EXERCISE AIM - Down to the last line, transcribe the records verbatim and exclude the images.

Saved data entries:
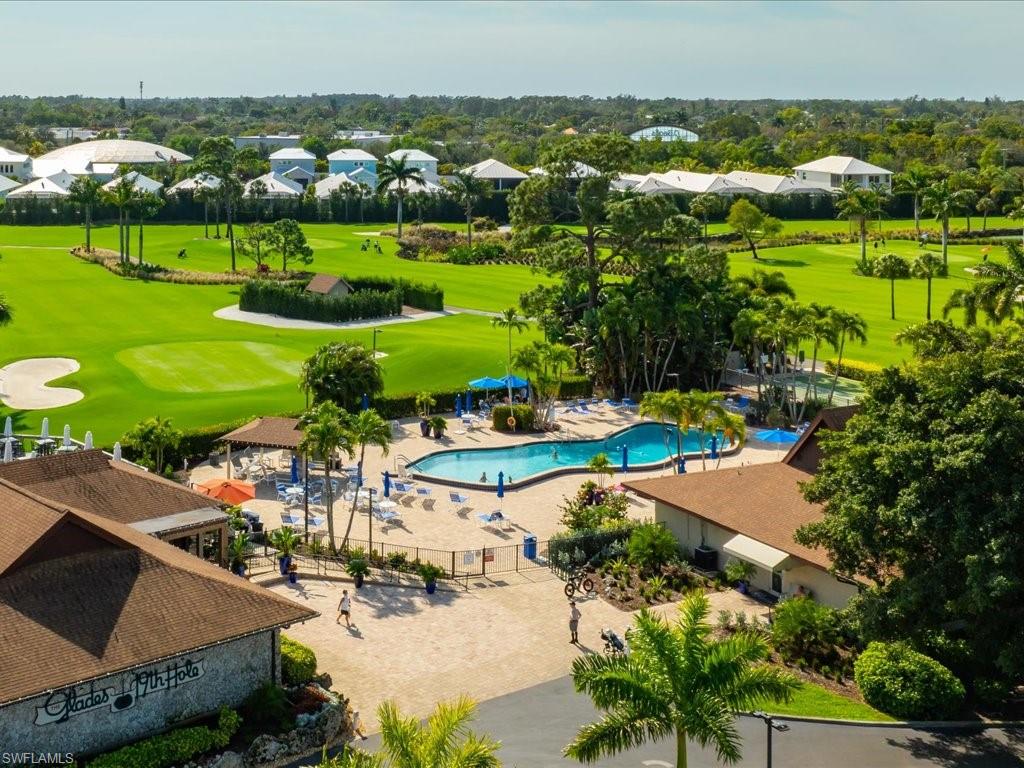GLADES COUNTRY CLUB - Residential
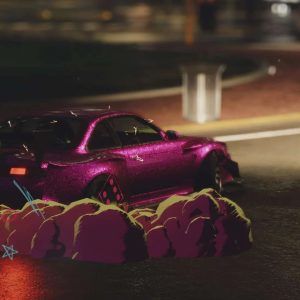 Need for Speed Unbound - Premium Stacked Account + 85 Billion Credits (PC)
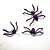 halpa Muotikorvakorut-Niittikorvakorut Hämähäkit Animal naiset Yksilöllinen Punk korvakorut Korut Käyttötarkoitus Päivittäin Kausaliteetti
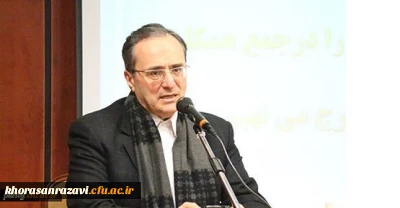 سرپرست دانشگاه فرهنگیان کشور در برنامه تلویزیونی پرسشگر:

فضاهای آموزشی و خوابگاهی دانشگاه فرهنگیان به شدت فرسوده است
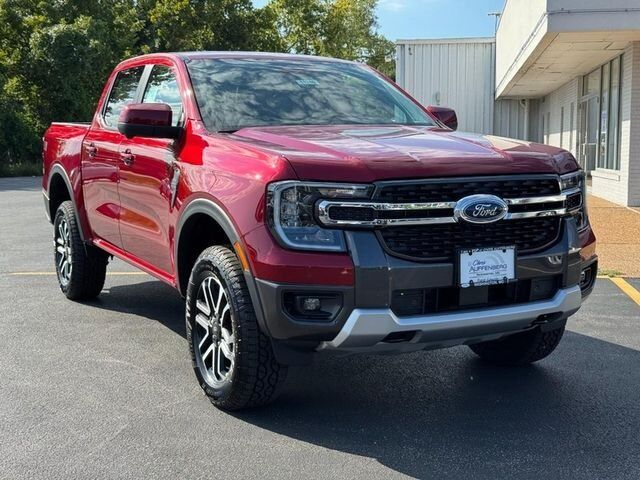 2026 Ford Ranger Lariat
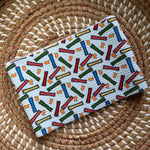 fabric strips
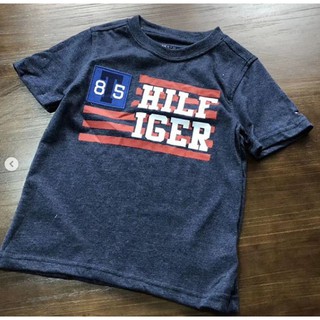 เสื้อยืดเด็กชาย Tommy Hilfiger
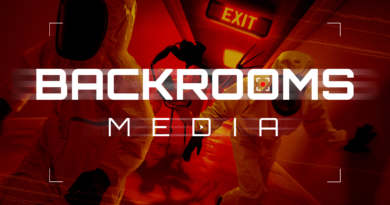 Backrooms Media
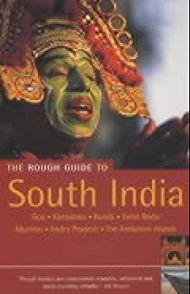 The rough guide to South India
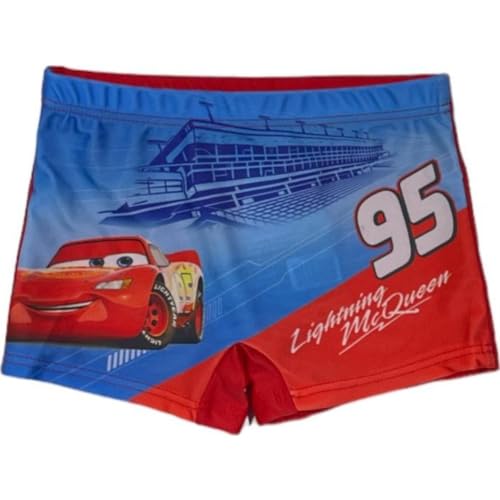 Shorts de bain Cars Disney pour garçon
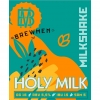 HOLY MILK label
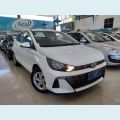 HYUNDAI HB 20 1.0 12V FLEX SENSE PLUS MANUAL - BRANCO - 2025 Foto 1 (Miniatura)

ANSWER AREA -
GLADES COUNTRY CLUB - Residential
 Need for Speed Unbound - Premium Stacked Account + 85 Billion Credits (PC)
 halpa Muotikorvakorut-Niittikorvakorut Hämähäkit Animal naiset Yksilöllinen Punk korvakorut Korut Käyttötarkoitus Päivittäin Kausaliteetti
 سرپرست دانشگاه فرهنگیان کشور در برنامه تلویزیونی پرسشگر:

فضاهای آموزشی و خوابگاهی دانشگاه فرهنگیان به شدت فرسوده است
 2026 Ford Ranger Lariat
 fabric strips
 เสื้อยืดเด็กชาย Tommy Hilfiger
 Backrooms Media
 The rough guide to South India
 Shorts de bain Cars Disney pour garçon
 HOLY MILK label
 HYUNDAI HB 20 1.0 12V FLEX SENSE PLUS MANUAL - BRANCO - 2025 Foto 1 (Miniatura)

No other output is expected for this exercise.